Re: Database Recovery Procedures

From: Network Administrator <netadmin(at)vcsn(dot)com>
To: Tom Lane <tgl(at)sss(dot)pgh(dot)pa(dot)us>
Cc: pgsql-general(at)postgresql(dot)org
Subject: Re: Database Recovery Procedures
Date: 2003-09-17 19:17:20
Message-ID: 1063826240.3f68b340423a6@webmail.vcsn.com
Views: Raw Message | Whole Thread | Download mbox | Resend email
Thread:
Lists: pgsql-general

Quoting Tom Lane <tgl(at)sss(dot)pgh(dot)pa(dot)us>:

> Network Administrator <netadmin(at)vcsn(dot)com> writes:
> >>> PANIC: read of clog file 5, offset 16384 failed: Success
>
> >> Hm, not good :-(. What files actually exist in $PGDATA/pg_clog/ (names
> >> and sizes)?
>
> > -rw------- 1 postgres users 262144 Jul 20 15:53 0000
> > -rw------- 1 postgres users 262144 Jul 31 12:57 0001
> > -rw------- 1 postgres users 262144 Aug 12 17:32 0002
> > -rw------- 1 postgres users 262144 Aug 26 00:15 0003
> > -rw------- 1 postgres users 262144 Sep 9 23:44 0004
> > -rw------- 1 postgres users 16384 Sep 10 21:21 0005
>
> Okay, it's trying to read off the end of the clog, no doubt looking for
> a transaction number just slightly larger than what's known to clog.
> This probably indicates more serious problems (because WAL replay really
> should have prevented such an inconsistency), but you can get past the
> immediate panic relatively easily: just append an 8k page of zeroes to
> clog.

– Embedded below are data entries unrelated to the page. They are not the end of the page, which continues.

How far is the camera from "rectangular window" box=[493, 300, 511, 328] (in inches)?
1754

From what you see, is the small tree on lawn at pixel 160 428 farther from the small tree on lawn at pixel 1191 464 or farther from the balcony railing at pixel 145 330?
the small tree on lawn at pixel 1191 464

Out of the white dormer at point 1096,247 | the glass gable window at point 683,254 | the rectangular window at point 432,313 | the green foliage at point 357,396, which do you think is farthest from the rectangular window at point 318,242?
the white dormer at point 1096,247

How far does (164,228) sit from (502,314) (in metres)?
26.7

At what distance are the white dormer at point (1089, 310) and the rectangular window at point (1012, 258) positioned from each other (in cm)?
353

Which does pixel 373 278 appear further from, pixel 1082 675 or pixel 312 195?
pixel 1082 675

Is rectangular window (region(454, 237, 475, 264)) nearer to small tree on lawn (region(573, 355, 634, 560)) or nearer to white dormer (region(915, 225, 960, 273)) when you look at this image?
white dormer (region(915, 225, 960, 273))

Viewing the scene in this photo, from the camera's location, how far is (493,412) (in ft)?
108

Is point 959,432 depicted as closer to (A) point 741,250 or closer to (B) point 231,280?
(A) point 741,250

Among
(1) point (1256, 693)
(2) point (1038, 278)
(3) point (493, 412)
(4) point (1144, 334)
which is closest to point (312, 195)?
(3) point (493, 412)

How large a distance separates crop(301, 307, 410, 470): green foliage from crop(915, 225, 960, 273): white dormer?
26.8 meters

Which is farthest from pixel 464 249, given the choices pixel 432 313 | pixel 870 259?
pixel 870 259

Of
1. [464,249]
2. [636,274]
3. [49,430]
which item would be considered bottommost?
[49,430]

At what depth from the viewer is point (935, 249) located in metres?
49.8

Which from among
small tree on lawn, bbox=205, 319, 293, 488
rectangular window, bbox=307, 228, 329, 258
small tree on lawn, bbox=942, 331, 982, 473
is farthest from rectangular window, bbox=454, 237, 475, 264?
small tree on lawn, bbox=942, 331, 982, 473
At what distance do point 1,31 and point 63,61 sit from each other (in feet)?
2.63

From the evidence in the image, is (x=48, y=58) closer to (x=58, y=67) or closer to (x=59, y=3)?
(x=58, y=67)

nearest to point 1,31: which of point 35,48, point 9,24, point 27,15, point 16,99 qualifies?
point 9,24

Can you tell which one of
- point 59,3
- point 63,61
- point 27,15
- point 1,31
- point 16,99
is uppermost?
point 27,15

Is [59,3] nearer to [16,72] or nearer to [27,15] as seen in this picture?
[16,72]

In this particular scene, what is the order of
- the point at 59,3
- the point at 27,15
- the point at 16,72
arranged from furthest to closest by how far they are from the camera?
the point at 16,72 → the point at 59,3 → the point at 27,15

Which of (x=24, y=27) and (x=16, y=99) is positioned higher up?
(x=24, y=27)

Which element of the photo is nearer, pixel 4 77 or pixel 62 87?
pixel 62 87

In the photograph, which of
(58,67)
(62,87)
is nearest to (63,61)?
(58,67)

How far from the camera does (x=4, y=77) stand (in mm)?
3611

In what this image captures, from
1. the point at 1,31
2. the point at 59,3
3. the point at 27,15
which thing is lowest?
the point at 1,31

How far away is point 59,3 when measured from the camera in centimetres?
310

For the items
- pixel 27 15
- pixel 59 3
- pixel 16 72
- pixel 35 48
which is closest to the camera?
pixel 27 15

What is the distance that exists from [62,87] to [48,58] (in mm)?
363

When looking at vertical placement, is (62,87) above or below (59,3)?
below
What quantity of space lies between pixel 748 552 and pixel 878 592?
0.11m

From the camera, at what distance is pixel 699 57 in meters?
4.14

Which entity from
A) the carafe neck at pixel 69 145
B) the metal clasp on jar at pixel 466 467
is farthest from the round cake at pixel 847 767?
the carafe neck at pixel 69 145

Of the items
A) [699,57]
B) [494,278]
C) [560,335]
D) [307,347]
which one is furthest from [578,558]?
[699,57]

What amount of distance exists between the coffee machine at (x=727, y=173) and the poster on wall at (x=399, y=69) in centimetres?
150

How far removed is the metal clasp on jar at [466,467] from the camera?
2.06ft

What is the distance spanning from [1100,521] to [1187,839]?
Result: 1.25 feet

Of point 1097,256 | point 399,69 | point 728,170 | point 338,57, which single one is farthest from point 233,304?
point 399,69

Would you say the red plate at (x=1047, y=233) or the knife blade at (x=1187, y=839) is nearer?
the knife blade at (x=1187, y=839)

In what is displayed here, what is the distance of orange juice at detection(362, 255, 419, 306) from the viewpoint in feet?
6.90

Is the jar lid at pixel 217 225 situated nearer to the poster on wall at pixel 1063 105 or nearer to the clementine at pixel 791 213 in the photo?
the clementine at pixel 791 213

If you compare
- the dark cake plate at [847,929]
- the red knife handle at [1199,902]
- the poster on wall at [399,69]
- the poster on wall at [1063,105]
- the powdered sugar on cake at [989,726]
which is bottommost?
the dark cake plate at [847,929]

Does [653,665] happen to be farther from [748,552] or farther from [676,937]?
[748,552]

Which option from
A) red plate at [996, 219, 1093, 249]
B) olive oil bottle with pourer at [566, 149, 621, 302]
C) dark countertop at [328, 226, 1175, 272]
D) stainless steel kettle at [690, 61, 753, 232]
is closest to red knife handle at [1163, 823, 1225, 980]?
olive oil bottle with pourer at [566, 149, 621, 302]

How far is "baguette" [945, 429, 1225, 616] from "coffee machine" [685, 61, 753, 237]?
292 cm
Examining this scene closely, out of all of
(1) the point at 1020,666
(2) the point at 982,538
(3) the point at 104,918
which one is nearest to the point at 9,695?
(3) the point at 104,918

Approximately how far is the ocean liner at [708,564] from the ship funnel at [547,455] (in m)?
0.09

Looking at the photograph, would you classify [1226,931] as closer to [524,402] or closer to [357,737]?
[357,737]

Assuming your system has /dev/zero, something like this should
> do it:
>
> dd bs=8k count=1 < /dev/zero >> $PGDATA/pg_clog/0005
>
> (do this with care of course, and you should probably shut down the
> postmaster first). You might possibly have to add more than one page,
> if you then get similar PANICs with larger offsets, but try one page
> for starters.

Well whatdoyaknow! That did it- EVERYTHING is there! I only needed the one
page. I'm going to have to read up on pg_clog (WAL) so that I understand what
it does a little better.

It makes total sense too because obvious if there is no more space to write too
anything on disk get "frozen" where as application is just going to keep moving
along. At least for a time.

> If this does suppress the failure messages, you are still not really out
> of the woods; you should do what you can to check for data consistency.
> A paranoid person would probably take a complete pg_dump and try to diff
> it against the last known good dump. At the very least, I'd treat the
> table involved in the problem with great suspicion.
>
> regards, tom lane
>
> ---------------------------(end of broadcast)---------------------------
> TIP 7: don't forget to increase your free space map settings

Well, I fortunately was on the side of the road and not in the woods in this
case. I'm assuming the next thing to do is run a vacuum analyse and they a dump
all. I'll see how it things perform over the next 48 hours or so.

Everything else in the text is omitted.